Will Someone in the TSA Please Taze Baggage Claim?
What is it about romantic comedies? They can either be incredible (see; The Wedding Singer) or absolutely horrible (see Fools Gold…or anything else with Kate Hudson). Unfortunately for Baggage Claim, they are neatly nestled in the latter category.
Let’s start with the premise. Montana Moore (Paula Patton) a flight attendant with a porn star name, has just learned that her little sister is getting married…insert case of feminine hysterics. Now, Montana has 30 days to find and get engaged so her sister won’t ‘win’. With the help of her sassy best friend Gail Best (Jill Scott), and her stereotypical gay friend Sam (Adam Brody), she is going to break every flight regulation possible and use her airline to hunt down all her ex boyfriends. Then, she’ll ‘accidentally’ bump into all of them when they inevitably come to her airport. Little does she know that Mr. Right is right in front of her!

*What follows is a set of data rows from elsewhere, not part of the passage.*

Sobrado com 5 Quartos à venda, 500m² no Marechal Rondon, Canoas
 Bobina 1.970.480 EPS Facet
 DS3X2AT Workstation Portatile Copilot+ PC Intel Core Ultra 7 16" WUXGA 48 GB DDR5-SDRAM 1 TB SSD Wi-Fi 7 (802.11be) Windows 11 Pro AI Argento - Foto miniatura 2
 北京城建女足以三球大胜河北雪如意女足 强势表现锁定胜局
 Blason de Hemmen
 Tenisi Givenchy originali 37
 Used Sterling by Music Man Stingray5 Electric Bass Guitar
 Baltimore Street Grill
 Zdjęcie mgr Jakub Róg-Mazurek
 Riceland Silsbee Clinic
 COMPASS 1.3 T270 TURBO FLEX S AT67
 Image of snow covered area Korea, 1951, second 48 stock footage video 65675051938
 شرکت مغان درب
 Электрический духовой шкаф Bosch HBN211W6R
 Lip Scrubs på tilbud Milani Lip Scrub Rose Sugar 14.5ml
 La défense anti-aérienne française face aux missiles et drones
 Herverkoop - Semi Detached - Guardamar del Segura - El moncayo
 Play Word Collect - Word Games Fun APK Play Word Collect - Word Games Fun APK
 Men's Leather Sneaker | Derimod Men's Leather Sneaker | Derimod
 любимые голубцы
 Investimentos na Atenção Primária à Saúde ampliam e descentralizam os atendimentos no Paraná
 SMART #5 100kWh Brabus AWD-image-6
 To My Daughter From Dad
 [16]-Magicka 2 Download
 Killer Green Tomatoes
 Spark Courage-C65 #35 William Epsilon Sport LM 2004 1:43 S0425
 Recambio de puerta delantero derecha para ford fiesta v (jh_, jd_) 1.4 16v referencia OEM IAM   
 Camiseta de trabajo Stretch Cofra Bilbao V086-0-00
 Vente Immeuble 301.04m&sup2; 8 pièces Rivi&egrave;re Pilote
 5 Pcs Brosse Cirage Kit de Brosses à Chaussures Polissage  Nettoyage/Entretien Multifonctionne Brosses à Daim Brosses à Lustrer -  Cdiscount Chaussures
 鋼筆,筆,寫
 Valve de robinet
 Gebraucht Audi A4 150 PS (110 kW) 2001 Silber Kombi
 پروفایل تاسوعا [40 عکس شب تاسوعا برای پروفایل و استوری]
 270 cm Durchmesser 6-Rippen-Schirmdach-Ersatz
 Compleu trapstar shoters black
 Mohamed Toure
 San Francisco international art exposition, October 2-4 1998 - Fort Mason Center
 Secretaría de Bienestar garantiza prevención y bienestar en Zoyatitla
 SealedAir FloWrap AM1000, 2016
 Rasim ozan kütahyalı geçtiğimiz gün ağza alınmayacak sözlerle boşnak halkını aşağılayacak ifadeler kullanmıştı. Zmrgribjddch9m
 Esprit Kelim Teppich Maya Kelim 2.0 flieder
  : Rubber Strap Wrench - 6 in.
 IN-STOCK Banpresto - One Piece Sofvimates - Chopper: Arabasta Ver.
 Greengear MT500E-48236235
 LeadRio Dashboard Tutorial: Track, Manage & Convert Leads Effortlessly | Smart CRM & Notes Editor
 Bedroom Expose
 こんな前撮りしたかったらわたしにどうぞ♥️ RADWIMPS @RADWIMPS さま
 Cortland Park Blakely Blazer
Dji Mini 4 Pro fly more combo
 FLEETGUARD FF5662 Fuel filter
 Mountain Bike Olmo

Literally, her love interest’s name is Mr. F–ing Wright. Apparently, someone thought that was clever.
There are two major flaws with this movie that keep it from taking off in any way. First, it’s insulting to BOTH genders. Second, it requires a suspension of belief usually only reserved for science fiction…bad science fiction.
Let’s start on how it’s insulting to woman. [more…]The entire premise of the story is that Montana MUST get married in order to not dishonor the family (because this movie takes place in 1950’s Japan). Her little sister, who is about to drop out of school to get married is winning. Screw Montana having a good career and all that. The only thing that matters is how many sheep and cows they are going to turn over for her dowry. Sorry, got confused again. While watching this, I kept checking the credits to see when it was made. Every time I saw 2013, I got a little more lost.
Next, they guys get nailed as well. Men did not get treated nicely in this film. Every single guy was a stereotype in some way. They had married guy, flashy guy, narcissist, and more stereotypes I didn’t bother to remember. The movie stumbles through an unfunny bad date montage and climaxes with the requisite ‘love was with me all the time’ William Wright (Derek Luke) professing his undying love. There was no male character in this movie that wasn’t either a complete jerk, or a doormat.
Let’s get on with the suspension of belief.
First of all, the characters mess with the airline scheduling system in order to stalk Montana’s exes. I can’t even get a bottle of shampoo on a plane without getting tackled by security. How are three people messing with the entire friggen flight plan…with no apparent fear of going to federal prison?
Next, ALL of Montana’s exes go through her airport, coincidentally, within the next 30 days. They brush this coincidence off by explaining that it’s the holidays, so everyone is traveling. I wasn’t buying it. I could buy the guys all deciding to travel for the holidays. I could even buy them all deciding to fly. What I couldn’t buy was the fact that Montana apparently worked at the only available airport in the entire United States.
With a storyline stuck in a time warp, clichéd characters and bigger plot holes than the Grand Canyon, Baggage Claim is best left with the unclaimed baggage.